Quel Muro è quanto resta del Tempio di Salomone distrutto dai Romani durante l’assedio a Gerusalemme nel 70 d.c. Riconoscere alla città lo status di capitale dello stato ebraico,come ha detto Trump, significa dare l’avvio ad una nuova fase che non sappiamo dove possa portare. Il presidente americano durante la campagna elettorale aveva preso l’impegno di mettere mano al conflitto israelo palestinese, ma la mossa di queste ultime ore ha fatto infuriare tanti, dagli alleati europei ai governi amici e nemici della regione mediorientale,primi tra tutti i palestinesi che hanno affermato di considerare gli Stati Uniti fuori dal processo di pace.
Anche Papa Francesco ha chiesto di non toccare lo status quo di Gerusalemme. Difficile dire che cosa abbia in mente Trump, che ha ribadito il suo impegno per arrivare ad un accordo di pace ed ha comunque prorogato di altri sei mesi l’avvio del trasferimento dell’ambasciata,come hanno fatto sinora i suoi predecessori,da Clinton a Bush a Obama. Il genero Kushner starebbe lavorando ad un iano di pace che dovrebbe essere presentato all’inizio del prossimo anno. “Gerusalemme è la capitale di Israele.ha detto Trump, è il riconoscimento della realtà,niente di più”. Parole che rappresentano un rimescolamento delle carte in tavola. Una provocazione che per Trump è una sorta di rilancio sul difficile cammino della pace in Medio Oriente che però non è piaciuto e contro il quale si sta ricompattando persino il frammentato e litigioso fronte dei paesi musulmani della regione.

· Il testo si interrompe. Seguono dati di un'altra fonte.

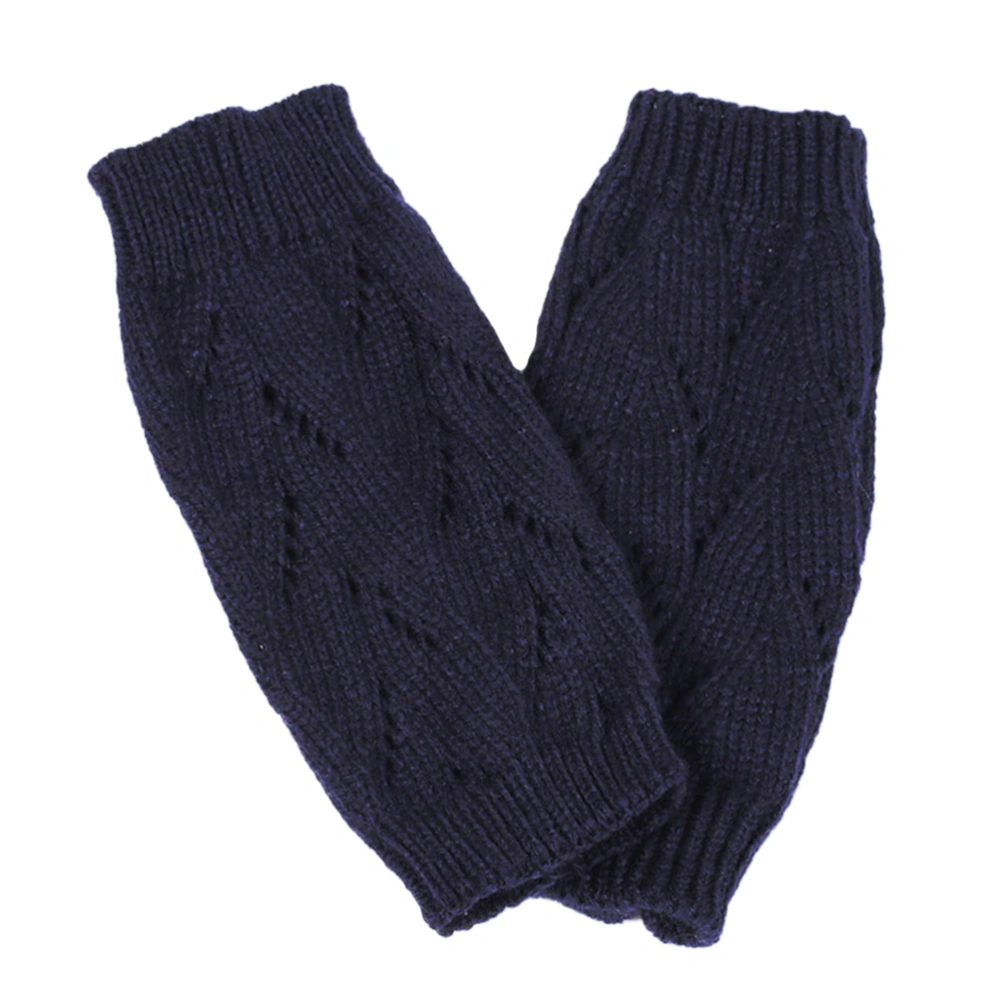 Women's Winter Warm Knitted Crochet Gloves Long Fingerless Arm Warmers Gloves Mittens with Thumb Hole (Navy Blue)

Gerusalemme non si tocca è il leit motiv, dall’Arabia Saudita all’Iran, sino ai palestinesi il cui sogno sinora irrealizzato è di farne la capitale del loro futuro stato.Le ultime trattative di pace tra palestinesi e Israele, nel 2000 tra Yasser Arafat, ai tempi capo dell’Organizzazione per la Liberazione della Palestina (OLP), e l’allora primo ministro israeliano Ehud Barak, fallirono anche perché Arafat rifiutò un nuovo compromesso sulla Spianata delle moschee che avrebbe dato ai palestinesi la custodia dell’intero complesso senza però esercitarne la sovranità, mentre agli israeliani avrebbe lasciato il controllo sul Muro del pianto. Si temono ora proteste e scontri da parte dei palestinesi,una nuova Intifada. Venerdi si riunirà il Consiglio di Sicurezza dell’Onu,sabato la Lega Araba.L’inquietudine serpeggia ovunque,mentre Trump continua a fare di testa sua.